Creates and returns a Dataset object by featurizing provided files.

Reads in inputs and uses self.featurizer to featurize the data in these inputs. For large files, automatically shards into smaller chunks of shard_size datapoints for convenience. Returns a Dataset object that contains the featurized dataset.

This implementation assumes that the helper methods _get_shards and _featurize_shard are implemented and that each shard returned by _get_shards is a pandas dataframe. You may choose to reuse or override this method in your subclass implementations.

Parameters:
  • inputs (List) – List of inputs to process. Entries can be filenames or arbitrary objects.
  • data_dir (str, optional (default None)) – Directory to store featurized dataset.
  • shard_size (int, optional (default 8192)) – Number of examples stored in each shard.
Returns:

A DiskDataset object containing a featurized representation of data from inputs.

Return type:

DiskDataset

featurize(inputs: Union[Any, Sequence[Any]], data_dir: Optional[str] = None, shard_size: Optional[int] = 8192) → deepchem.data.datasets.Dataset[source]

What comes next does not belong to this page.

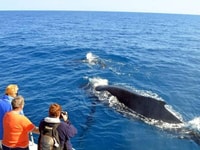 Mirissa, Marine Marvels Expedition Whale & Dolphin Encounter - Hizvo
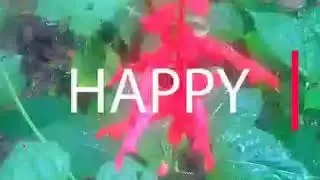 MOST BEAUTIFULL FLOWERS IN NORTHEAST (INDIA)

Featurize provided files and write to specified location.

DEPRECATED: This method is now a wrapper for create_dataset() and calls that method under the hood.

For large datasets, automatically shards into smaller chunks for convenience. This implementation assumes that the helper methods _get_shards and _featurize_shard are implemented and that each shard returned by _get_shards is a pandas dataframe. You may choose to reuse or override this method in your subclass implementations.

Parameters:
  • inputs (List) – List of inputs to process. Entries can be filenames or arbitrary objects.
  • data_dir (str, default None) – Directory to store featurized dataset.
  • shard_size (int, optional (default 8192)) – Number of examples stored in each shard.
Returns:

A Dataset object containing a featurized representation of data from inputs.

Return type:

Dataset

UserCSVLoader

class deepchem.data.UserCSVLoader(tasks: List[str], featurizer: deepchem.feat.base_classes.Featurizer, feature_field: Optional[str] = None, id_field: Optional[str] = None, smiles_field: Optional[str] = None, log_every_n: int = 1000)[source]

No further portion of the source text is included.